DOI: 10.3390/app16136333 ISSN: 2076-3417

Optimizing Overall Color in Film Posters: A Type-Dependent Study Based on Eye Tracking and Constrained Optimization

Bin Zhang, Ping Ji, Zhiqiang Wen, Ruixue Zhang

Film posters serve as front-end visual communication media that shape viewers’ initial judgments of film genre, emotional tone, and viewing appeal. However, whether the optimal overall color configuration follows a universal rule or varies across poster types remains insufficiently examined. This study investigated how overall lightness and chroma influence the communication effects of film posters and identified type-specific optimal color intervals. Based on a cross-type poster sample library, film posters were classified into four visual grammar types: affable-entertaining, relational-emotional, spectacle-dynamic, and threat-suspenseful. Type-specific quantile thresholds for lightness and chroma were established within each category. Eye-tracking data, subjective ratings, mixed-effects response surface modeling, and constrained desirability optimization were combined to identify optimal regions of overall color configuration. The results show that no single optimal lightness–chroma interval applies across all poster types.

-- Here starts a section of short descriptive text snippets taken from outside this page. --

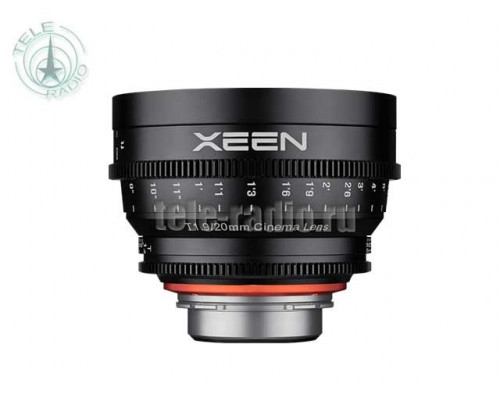 Samyang XEEN T1.9\20mm
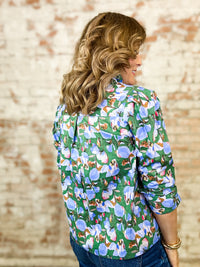 Orsak Floral Top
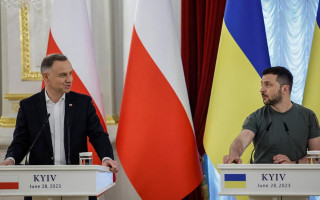 Дуда сообщил, повлияет ли зерновой спор на отношения с Украиной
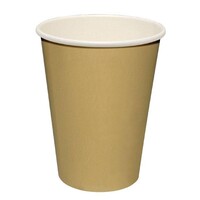 Gobelet Boissons Chaudes Marron - Jetables - 230ml - 1000 Pièces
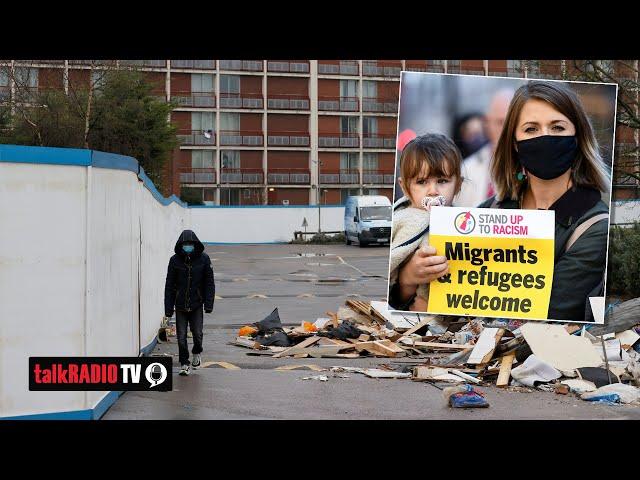 Asylum seeker hotels cost public £4.7m per day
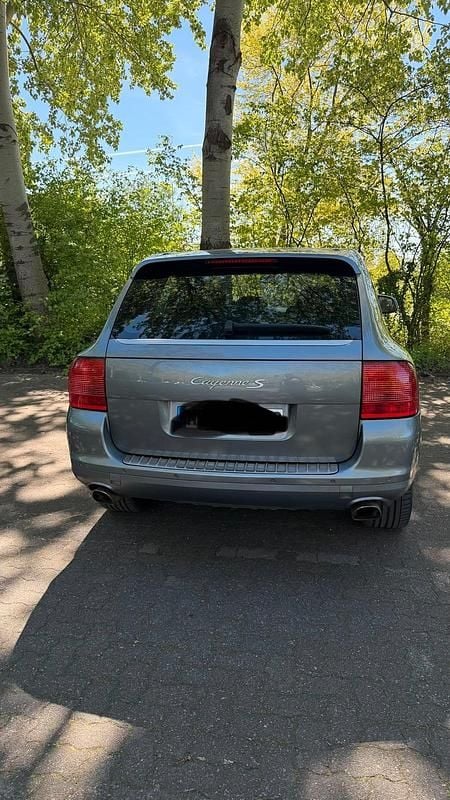 Gebraucht Porsche Cayenne S 340 PS (250 kW) 2006 Silber SUV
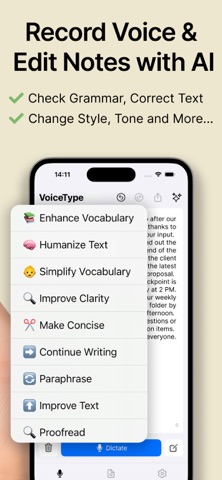 Voice Note Taker - VoiceType Screenshot 3 of 4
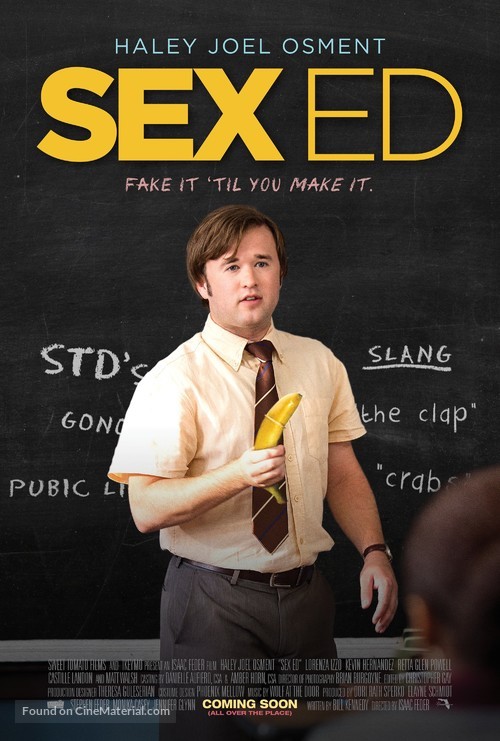 Sex Ed - Movie Poster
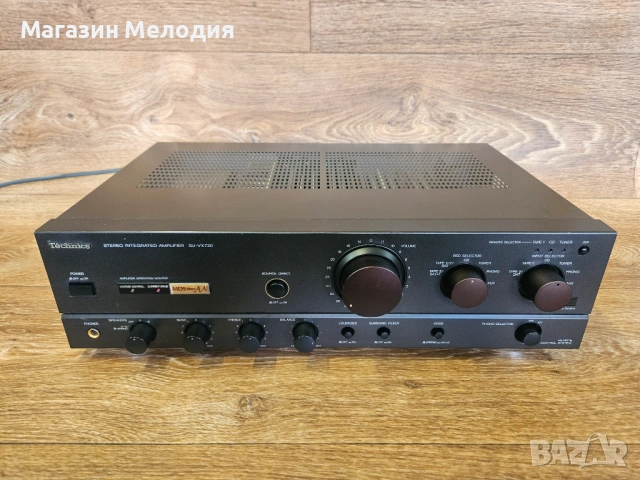 Усилвател Technics SU-VX720 – High-End MOS Drive Class AA, снимка 2 - Ресийвъри, усилватели, смесителни пултове - 53827652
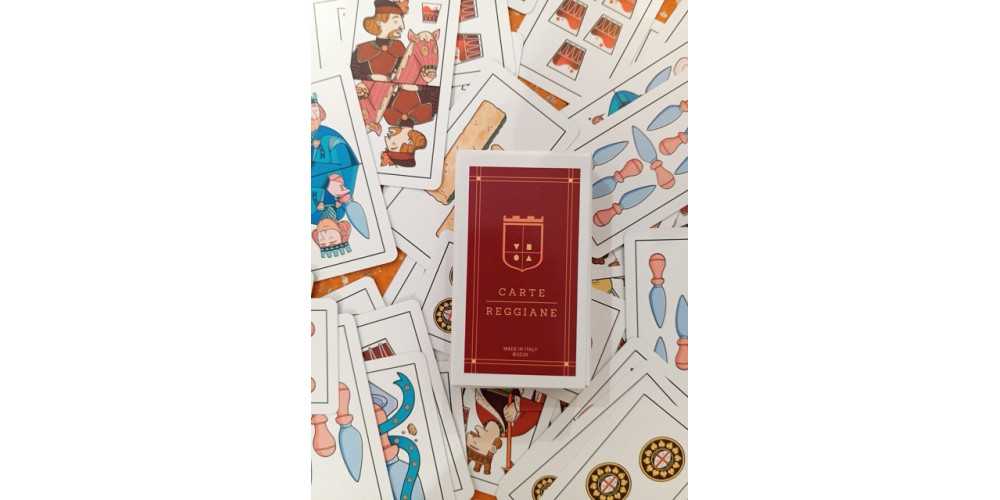 Nuove carte da gioco: CARTE REGGIANE!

The dominant optimal interval was low lightness–high chroma for affable-entertaining and relational-emotional posters, high lightness–low chroma for spectacle-dynamic posters, and medium lightness–high chroma for threat-suspenseful posters. These findings indicate that overall color optimization varies across poster types within the present experimental context and provide practical support for evidence-based, type-specific poster color design.